To determine the best player, the three field umpires (not the goal umpires or boundary umpires) confer after each home-and-away match and award three votes, two votes and one vote to the players they regard as the best, second-best and third-best in the match, respectively. On the awards night, the votes from each match are tallied, and the player or players with the highest number of votes is awarded the trophy (subject to eligibility – see below).

The current voting system, which is the same as that of the Australian Football League (AFL)'s Brownlow Medal, has been used since the award's inception. If two or more eligible players score the equal highest number of votes, each wins a trophy.

===Ineligibility===
The fairest component of the trophy is achieved by making ineligible any player who is suspended by the AFL Tribunal during the home-and-away season. An ineligible player cannot win the award, regardless of the number of votes she has received.
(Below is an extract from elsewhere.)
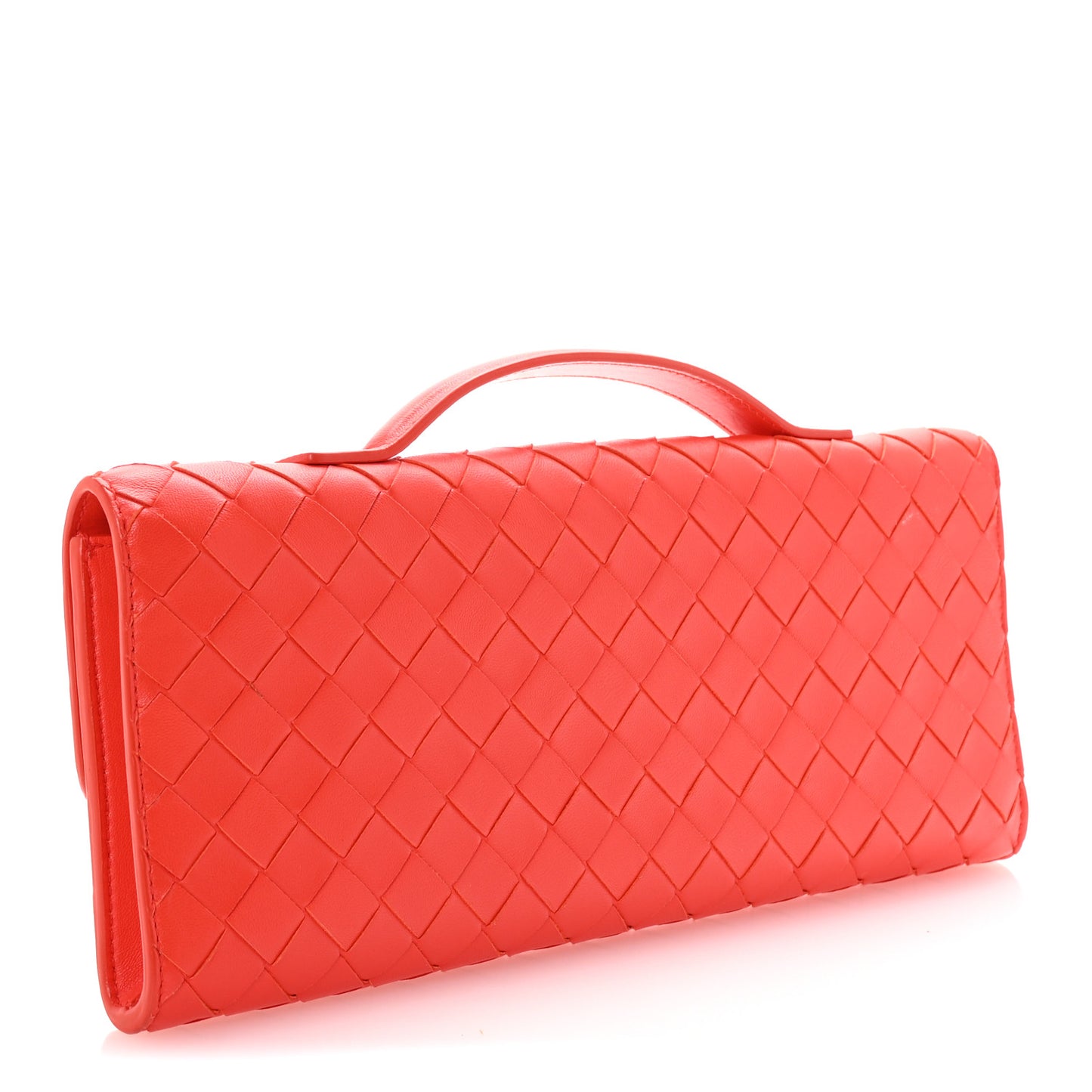 Nappa Intrecciato Long Andiamo Top Handle Clutch Cherry Tomato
A player remains eligible for the award under the following circumstances:
- she is suspended during the finals or pre-season;
- she serves a suspension in the current season which carried on from, or was earned for an offence committed in, the previous season;
- she receives any sort of club-imposed suspension which is not recognised by the AFL Tribunal;
- she is found guilty by the AFL Tribunal of an offence which attracts only a financial penalty.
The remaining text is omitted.